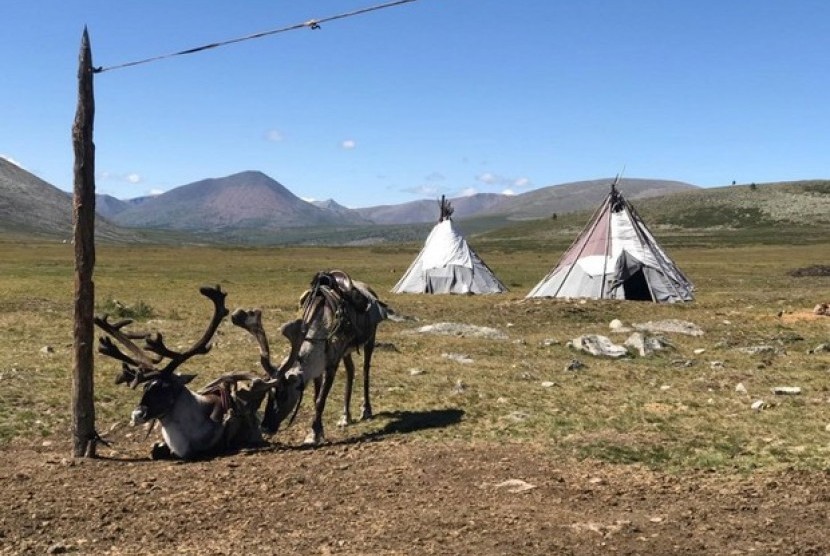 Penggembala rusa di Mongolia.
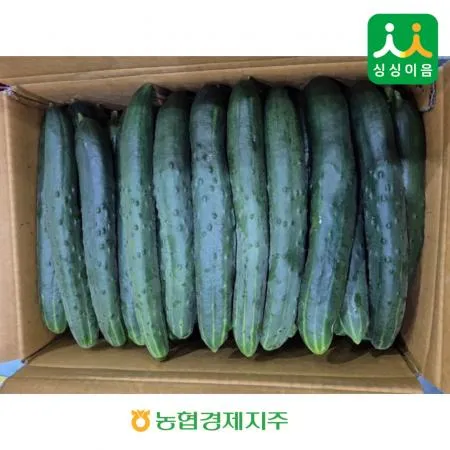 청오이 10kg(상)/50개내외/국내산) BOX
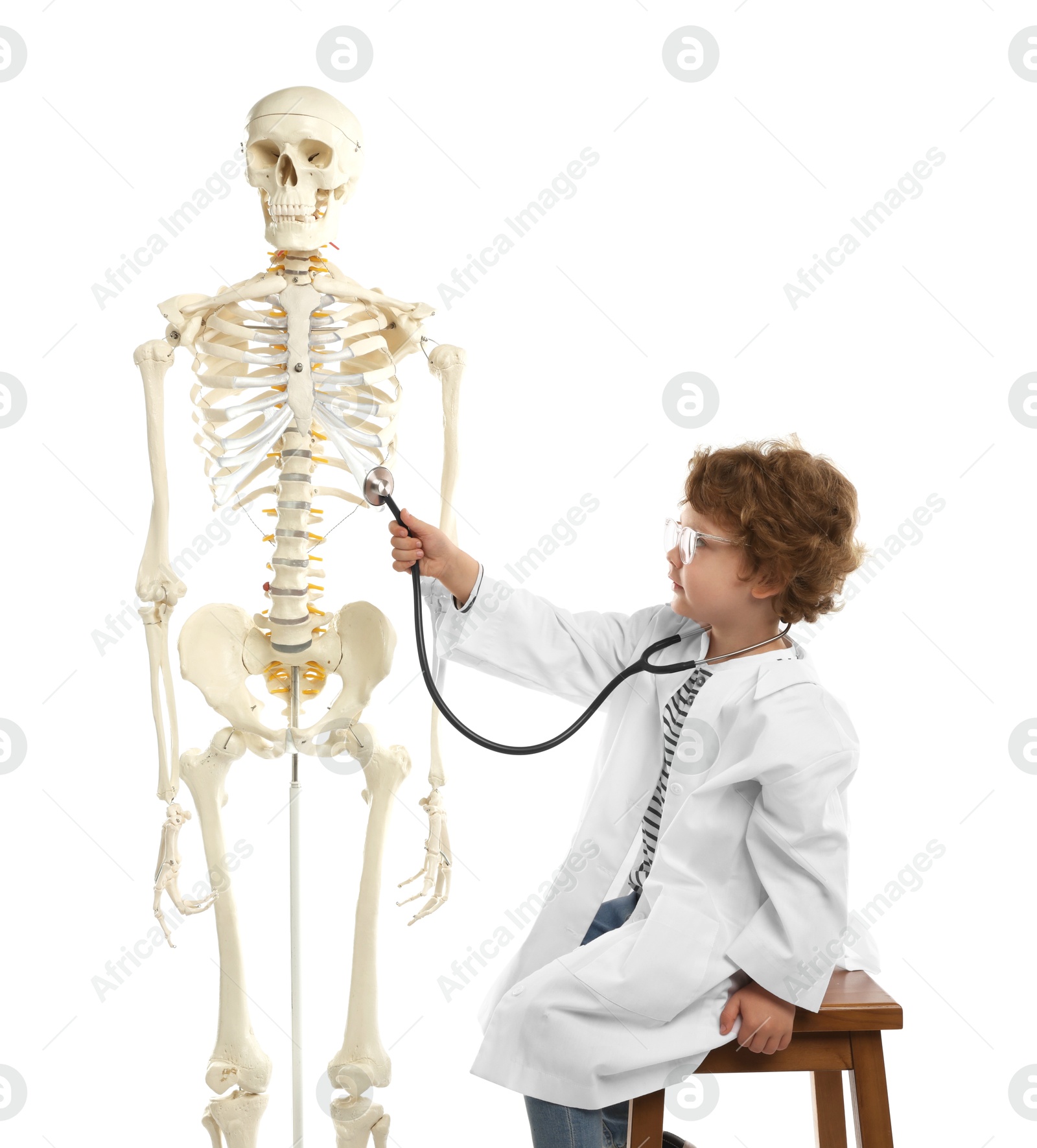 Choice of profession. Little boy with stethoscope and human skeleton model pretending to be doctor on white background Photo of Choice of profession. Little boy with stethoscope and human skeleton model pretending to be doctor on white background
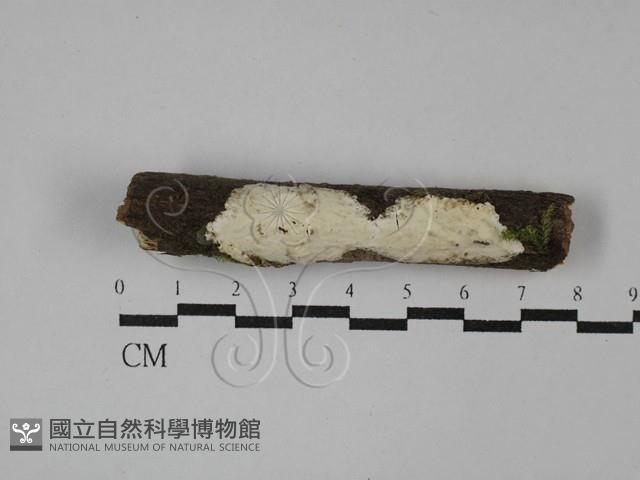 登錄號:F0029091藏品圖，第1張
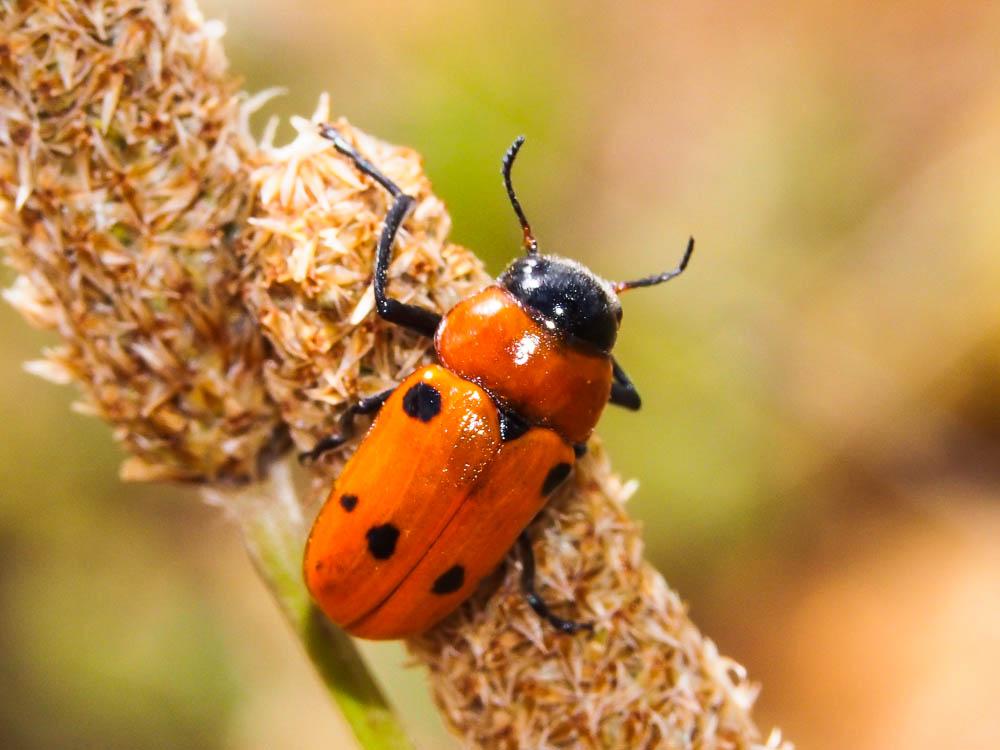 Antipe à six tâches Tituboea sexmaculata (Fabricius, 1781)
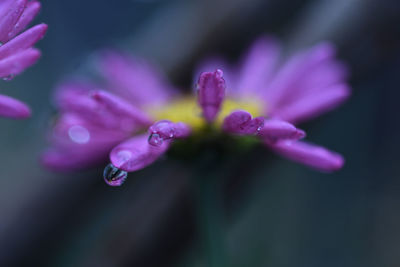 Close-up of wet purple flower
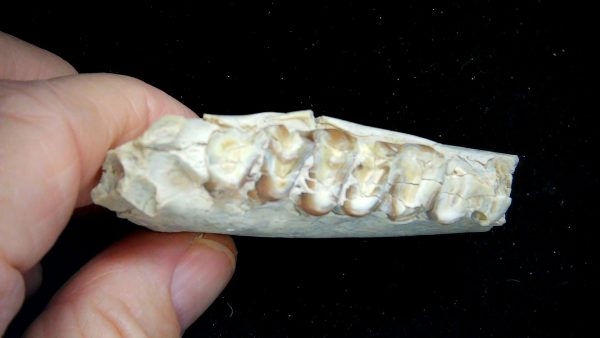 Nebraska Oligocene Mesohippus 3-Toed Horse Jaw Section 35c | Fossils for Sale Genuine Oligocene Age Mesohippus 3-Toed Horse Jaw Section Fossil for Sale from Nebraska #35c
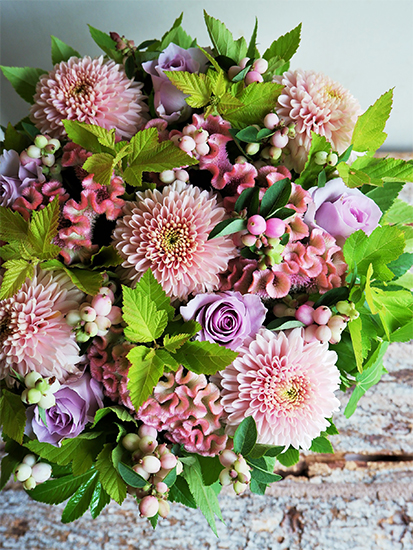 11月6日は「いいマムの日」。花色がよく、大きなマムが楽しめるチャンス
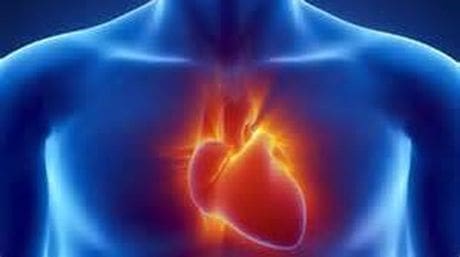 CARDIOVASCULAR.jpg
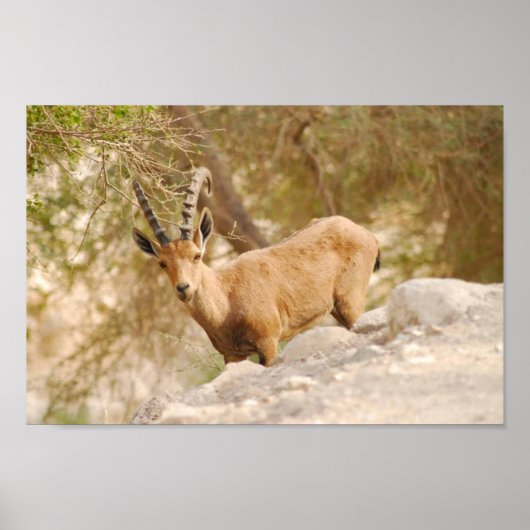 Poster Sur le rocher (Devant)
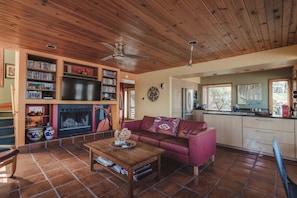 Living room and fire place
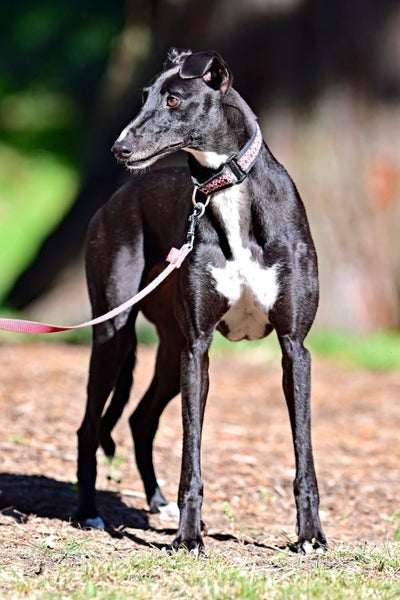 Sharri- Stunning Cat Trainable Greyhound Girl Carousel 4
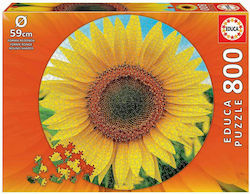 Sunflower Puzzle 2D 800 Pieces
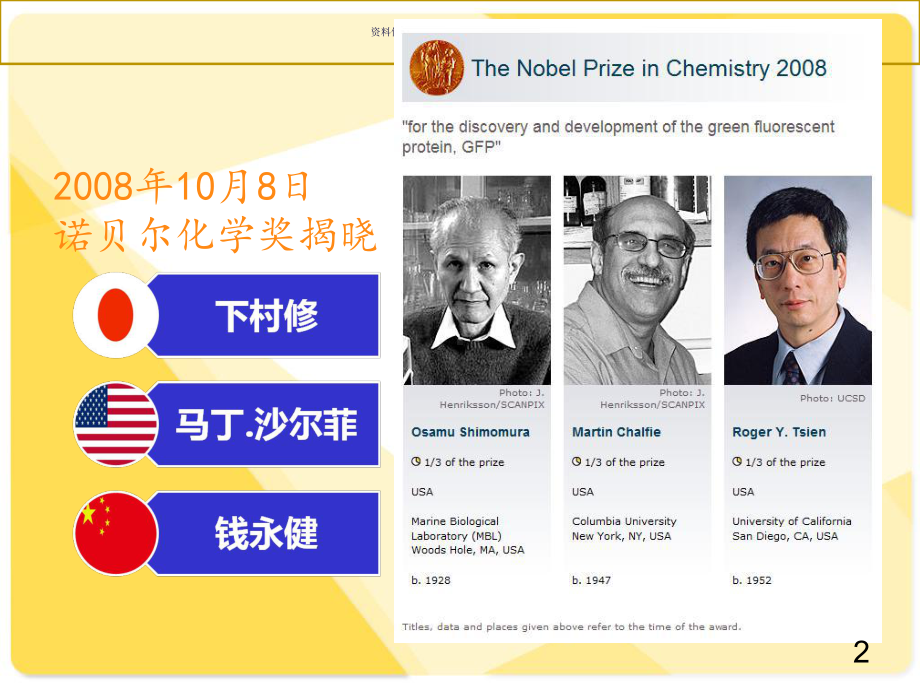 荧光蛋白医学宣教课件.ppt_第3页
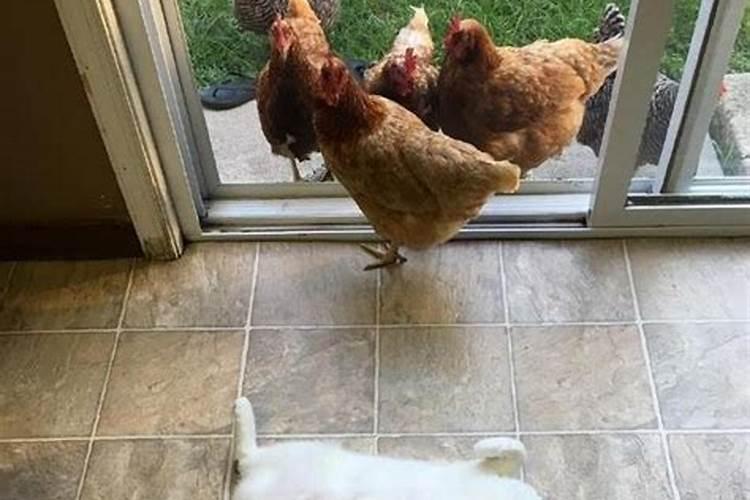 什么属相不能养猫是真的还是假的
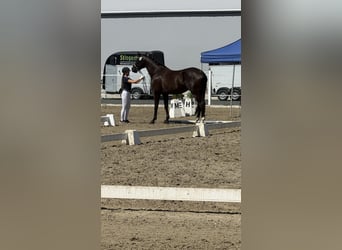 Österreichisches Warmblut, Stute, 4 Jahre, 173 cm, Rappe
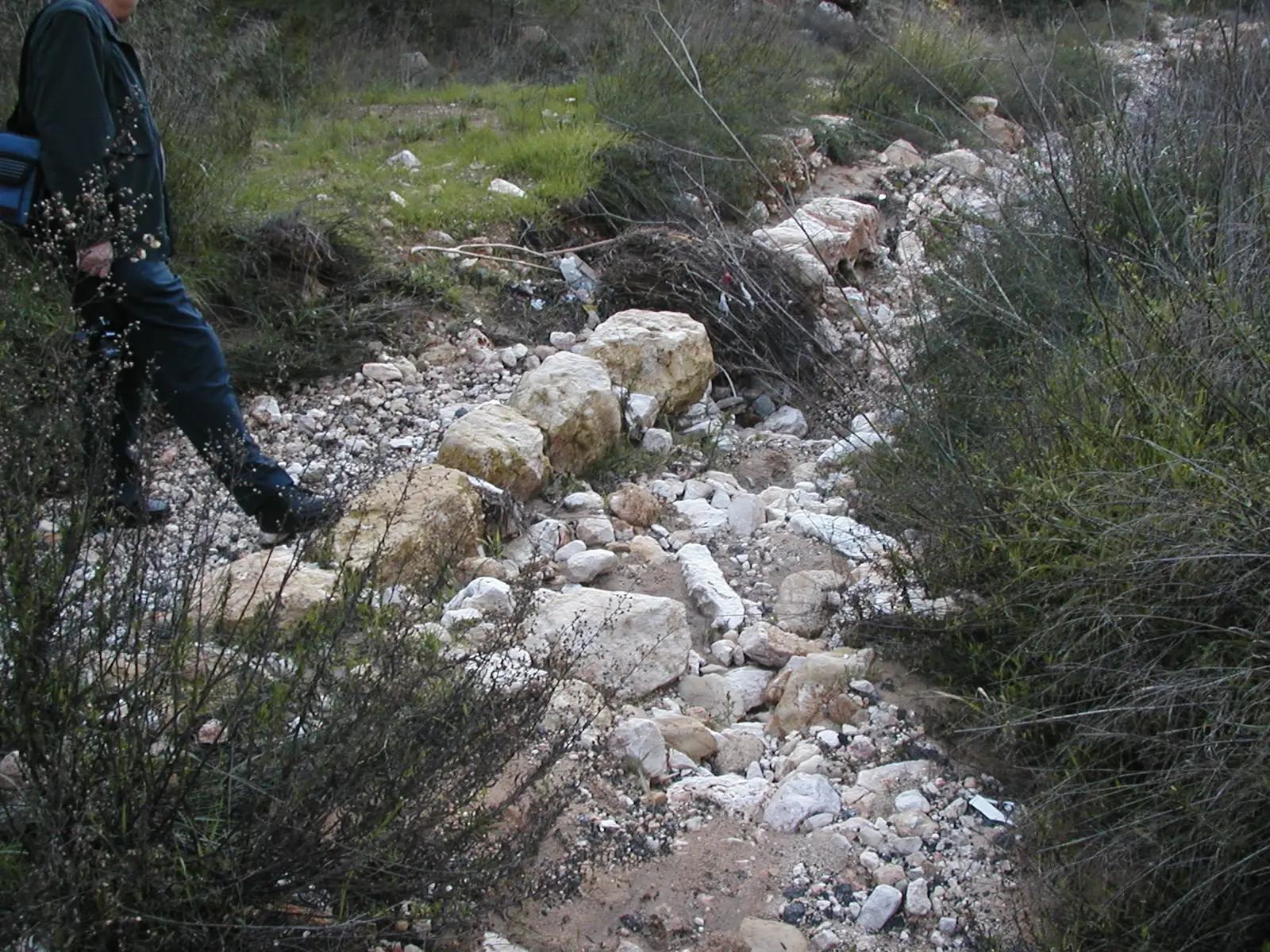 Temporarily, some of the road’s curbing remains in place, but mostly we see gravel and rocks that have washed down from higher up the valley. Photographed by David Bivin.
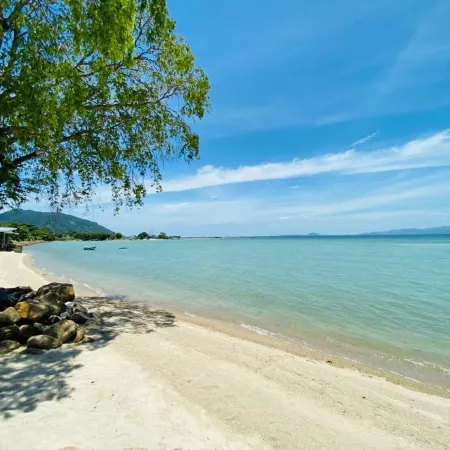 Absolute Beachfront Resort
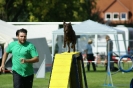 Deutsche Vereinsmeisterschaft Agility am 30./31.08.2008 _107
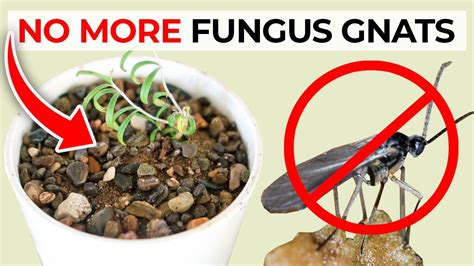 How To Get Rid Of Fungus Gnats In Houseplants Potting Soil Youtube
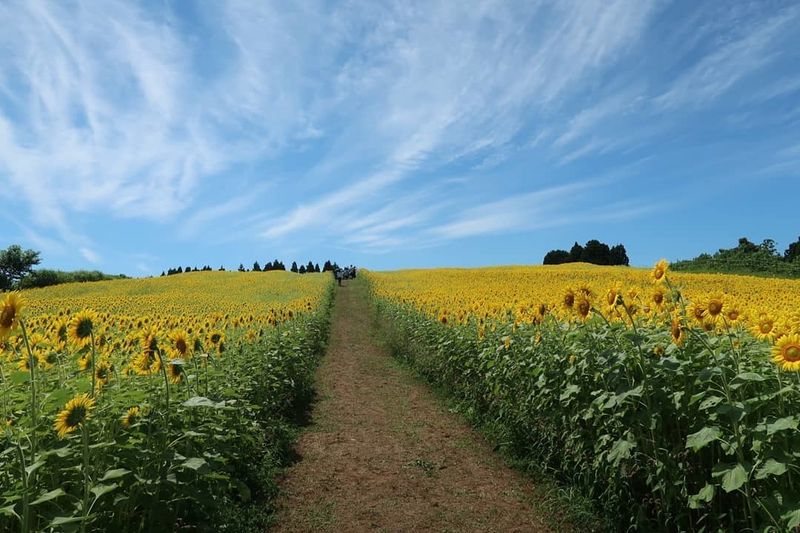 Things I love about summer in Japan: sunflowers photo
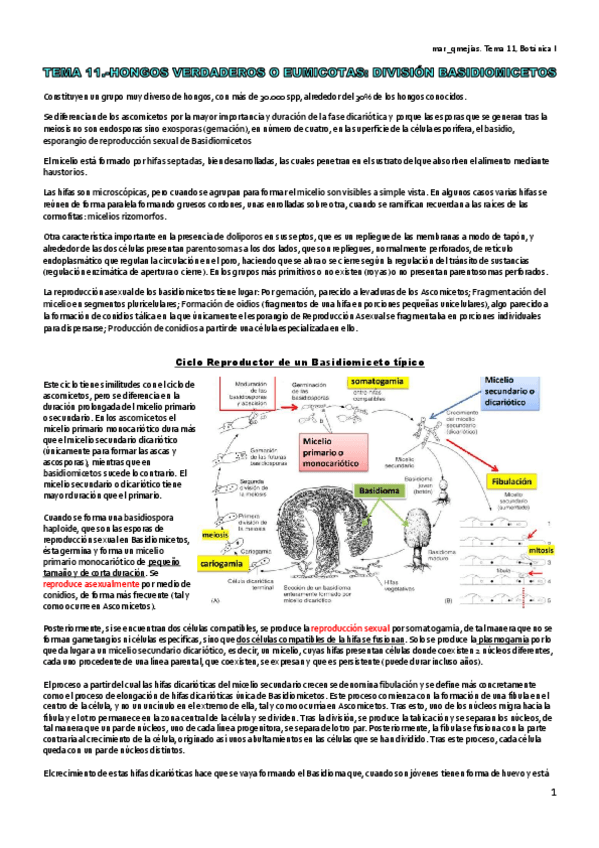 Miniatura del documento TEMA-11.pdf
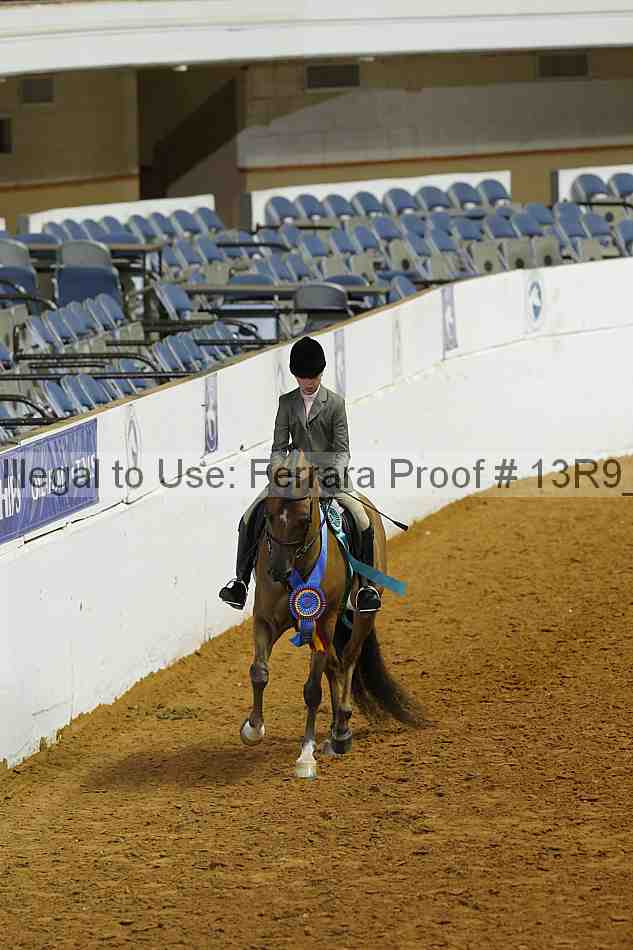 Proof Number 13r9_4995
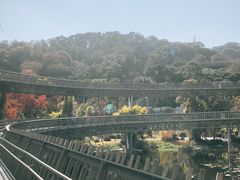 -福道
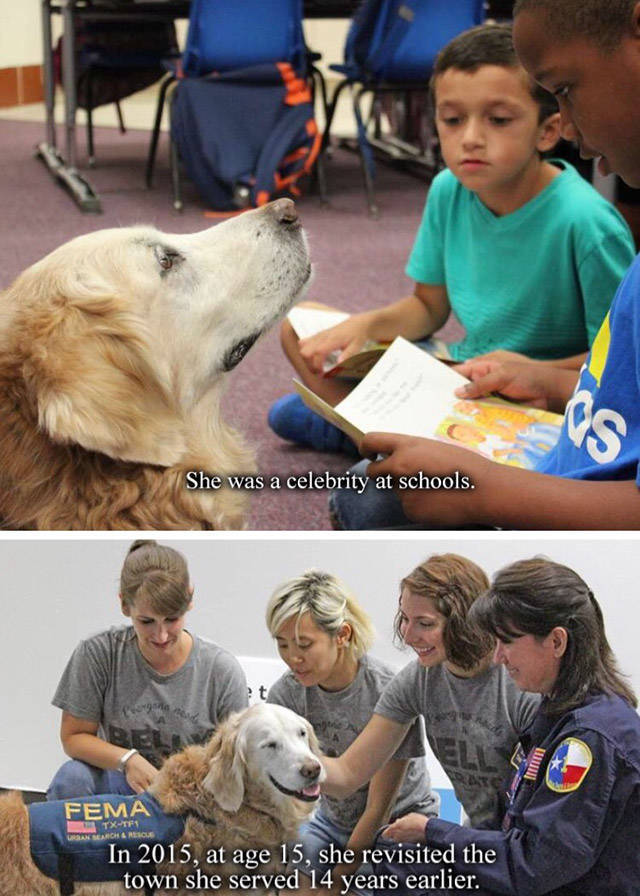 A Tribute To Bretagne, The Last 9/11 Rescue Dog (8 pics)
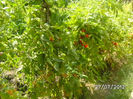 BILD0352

- TASK BRIEF: Each entry above should come back word for word, and no picture should come with it.

- RESULT OF THE EXERCISE:
 Penggembala rusa di Mongolia.
 청오이 10kg(상)/50개내외/국내산) BOX
 Choice of profession. Little boy with stethoscope and human skeleton model pretending to be doctor on white background Photo of Choice of profession. Little boy with stethoscope and human skeleton model pretending to be doctor on white background
 登錄號:F0029091藏品圖，第1張
 Antipe à six tâches Tituboea sexmaculata (Fabricius, 1781)
 Close-up of wet purple flower
 Nebraska Oligocene Mesohippus 3-Toed Horse Jaw Section 35c | Fossils for Sale Genuine Oligocene Age Mesohippus 3-Toed Horse Jaw Section Fossil for Sale from Nebraska #35c
 11月6日は「いいマムの日」。花色がよく、大きなマムが楽しめるチャンス
 CARDIOVASCULAR.jpg
 Poster Sur le rocher (Devant)
 Living room and fire place
 Sharri- Stunning Cat Trainable Greyhound Girl Carousel 4
 Sunflower Puzzle 2D 800 Pieces
 荧光蛋白医学宣教课件.ppt_第3页
 什么属相不能养猫是真的还是假的
 Österreichisches Warmblut, Stute, 4 Jahre, 173 cm, Rappe
 Temporarily, some of the road’s curbing remains in place, but mostly we see gravel and rocks that have washed down from higher up the valley. Photographed by David Bivin.
 Absolute Beachfront Resort
 Deutsche Vereinsmeisterschaft Agility am 30./31.08.2008 _107
 How To Get Rid Of Fungus Gnats In Houseplants Potting Soil Youtube
 Things I love about summer in Japan: sunflowers photo
 Miniatura del documento TEMA-11.pdf
 Proof Number 13r9_4995
 -福道
 A Tribute To Bretagne, The Last 9/11 Rescue Dog (8 pics)
 BILD0352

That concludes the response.